Hugo Black — Supreme Court Justice of the U.S. and a former Representative and Senator from Alabama. Many historians place Black in a short list of the greatest justices of the Supreme Court.
It’s Black’s words relating to the Bill of Rights and in particular the First Amendment that could be used against Moore’s extremist views. Some examples,
“A union of government and religion tends to destroy government and degrade religion.”
”The very reason for the First Amendment is to make the people of this country free to think, speak, write and worship as they wish, not as the Government commands.”
“The First Amendment was added to the Constitution to stand as a guarantee that neither the power or the prestige of the Federal Government would be used to control, support, or influence the kinds of prayer the American people can say.”
“These men (the Founders) knew that the First Amendment, which tried to put an end to governmental control of religion and of prayer, was not written to destroy either.
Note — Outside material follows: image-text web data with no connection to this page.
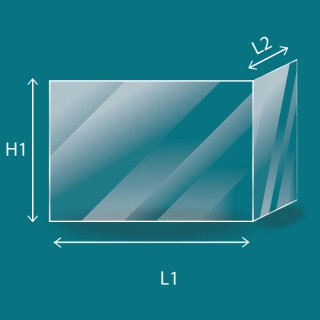 Supra VICTORIA (older model) Glass - Folded glass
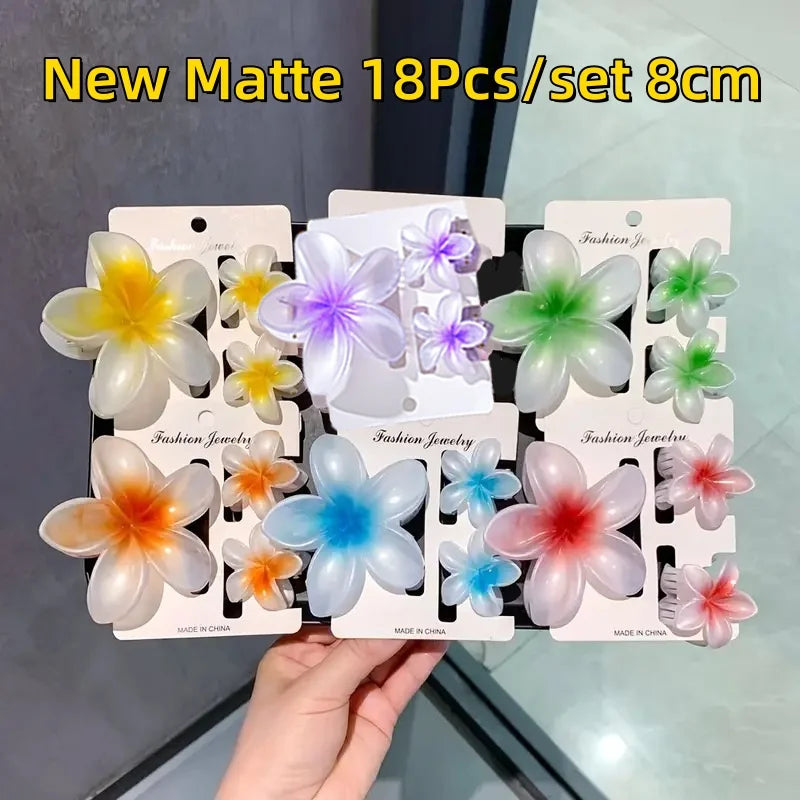 Egg Flower Hair Clips – Gradient Candy Color Set (3/18 Pcs) 🌸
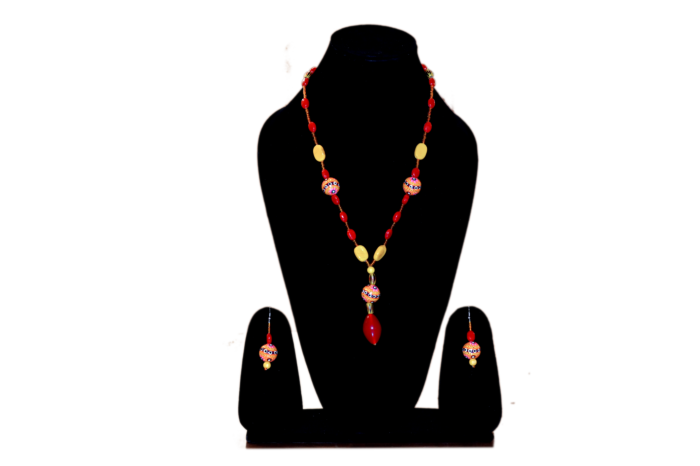 Red - Yellow Necklace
They knew rather that it was written to quiet well-justified fears which nearly all of them felt arising out of an awareness that governments of the past had shackled men's tongues to make them speak only the religious thoughts that government wanted them to speak and to pray only to the God that government wanted them to pray to. It is neither sacrilegious nor anti-religious to say that each separate government in this country should stay out of the business of writing or sanctioning official prayers and leave that purely religious function to the people themselves and to those the people choose to look to for religious guidance.”
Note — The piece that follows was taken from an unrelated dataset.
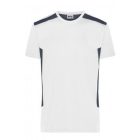 James&Nicholson póló Strong Workwear 180 homok-fekete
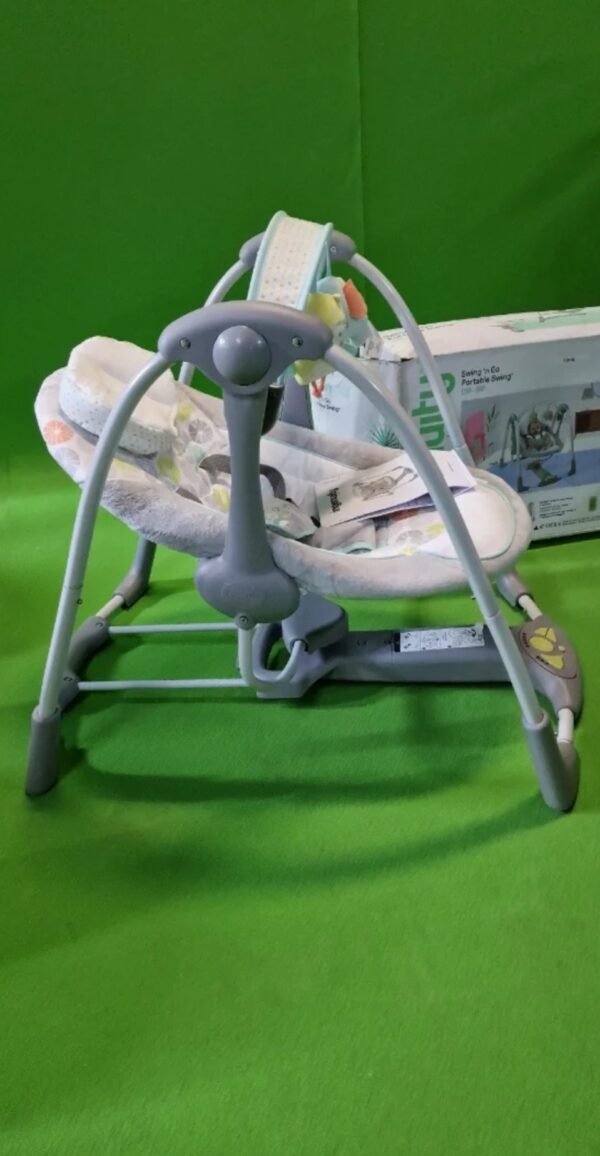 73Pal. - Ingenuity, Columpio Compacto Plegable Hugs & Hoots, hasta 9 kg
He often is quoted on the importance of the free press,
“The Founding Fathers gave the free press the protection it must have to bare the secrets of government and inform the people.”
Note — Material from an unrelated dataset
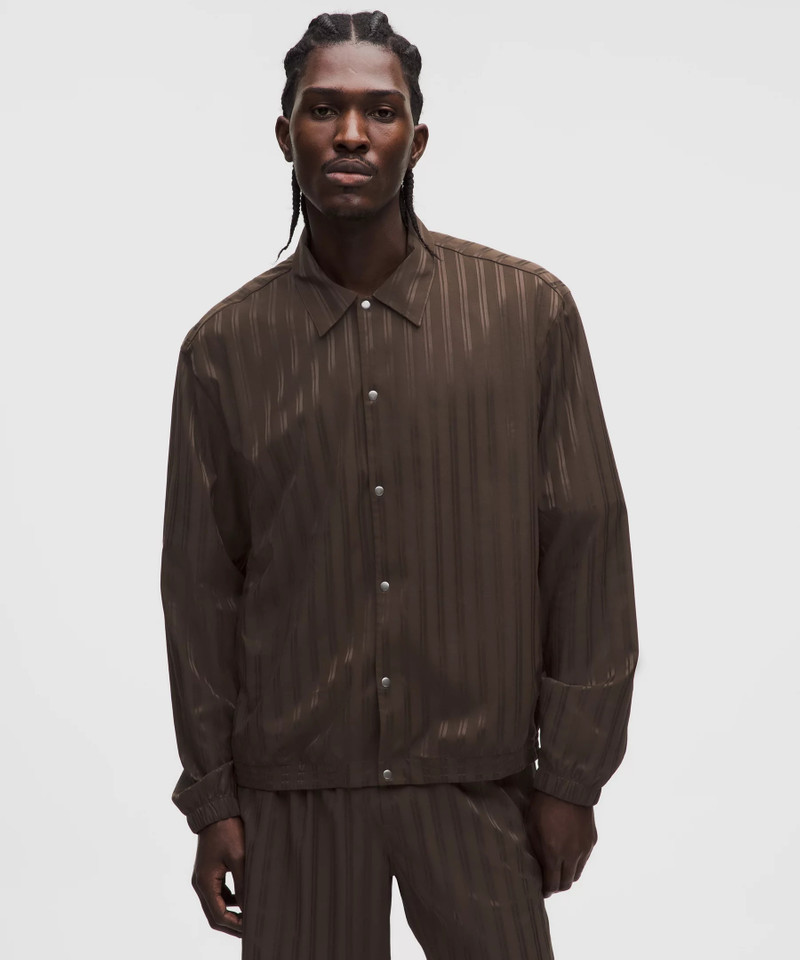 Satin Stripe Coaches Jacket 1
‘The firstness of the First Amendment,’ is how Black assigned importance to the liberties granted in the First. Recalling a long ago TV interview that I saw of him, Black said the rights in the First were at the top of the Bill of Rights because they were among the most important rights granted.
Black was viewed as a textualist on the Constitution. According to Wikipedia it is a theory in which the interpretation of the law is primarily based on the ordinary meaning of the legal text. So……..an inference could be made this is similar to Originalism. No brickbats please. I’m just using this as a political argument to say that Black held some views that are similar to what today’s conservatives love to see in ‘their’ Supreme Court Justices. Dare I say the name Scalia? This is all about framing a political argument — that’s all.
And yes he wrote the Korematsu decision and his vote on Griswold was one I would not have agreed with and he was a member of the Klan in his youth (resigning in 1925), but he’s still viewed as a great Justice.
So……...any Alabamians connected with the Doug Jones campaign, or any other interested citizens of Alabama it would be good to dust off the history books and see how the words and thinking of native son Hugo Black can be used against Moore.